"Parenthood" is like a retelling of "Sex and the City"; we have four protagonists, and they oppose one another in reliable ways. Two are feckless; these two are the Samantha and Carrie forces, Dax Shepard and Lauren Graham. The other two are fairly conservative; these two would be Miranda and Charlotte, Peter Krause and Erika Christensen.
The feckless siblings are not always in committed partnerships; the conservative siblings are very much married, and married, and married.
Generally, in an hour, two siblings get "heavy lifting" storylines, and the other two get "comic relief" plots. Sometimes, the comic relief is an indirect comment on the heavy lifting storyline. For example, as Erika Christensen struggles with the weighty news that her child will need to "move backwards" in elementary school, Dax Shepard has a lighter script about learning to endorse his son's love of ballet.
Emily Nussbaum called the series one of two "final" high-quality series in the history of network TV. (The other notable swan song was "The Good Wife.") The scriptwriters' tics are irritating and predictable: an overreliance on improvisation, a sentimental insistence that people behave in a consistently "legible," not-very-mysterious manner, an absurd fondness for faux-poignant background music. But it's possible to look past all of this (I think?).
What I like is the showrunner's interest in "systems." This is the thing that makes Jason Katims special. He has this strange forensic approach to miscommunication. For example, in Season Five, Erika Christensen's marriage is in trouble. EC has entered into an emotional affair. Her spouse is spending too much time at work. There is possibly some financial strain; there is only one income for the household. Also, EC is having an existential crisis because she misses the office and because her daughter is a pill.

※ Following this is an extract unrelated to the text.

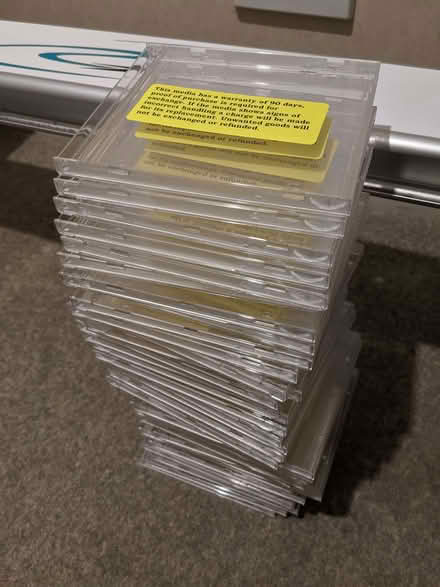 Photo of free Bundle of CD cases, no plastic inserts and labeled. (Horspath OX33) #1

This is the context for an issue that shouldn't be catastrophic; the issue is that the older child will need to repeat several months of school. But EC is at a breaking point; she needs to gather information before the information is fully, formally available. She corners a teacher at an after-school event and pressures the teacher into spilling various beans. When her husband learns of this maneuver, he snaps. So the tension with the school becomes a referendum on a marriage; Mr. EC cannot tolerate the fact that EC has made certain unilateral moves (and EC, trapped in her own head, hasn't even anticipated that these moves might be seen as problematic).
Philip Roth said a writer's job is to take a mess and just make it messier and messier and messier--as the pages pile up. At its best, "Parenthood" follows this commandment.
It's worth a rental for Erika Christensen--who doesn't have the career she ought to have.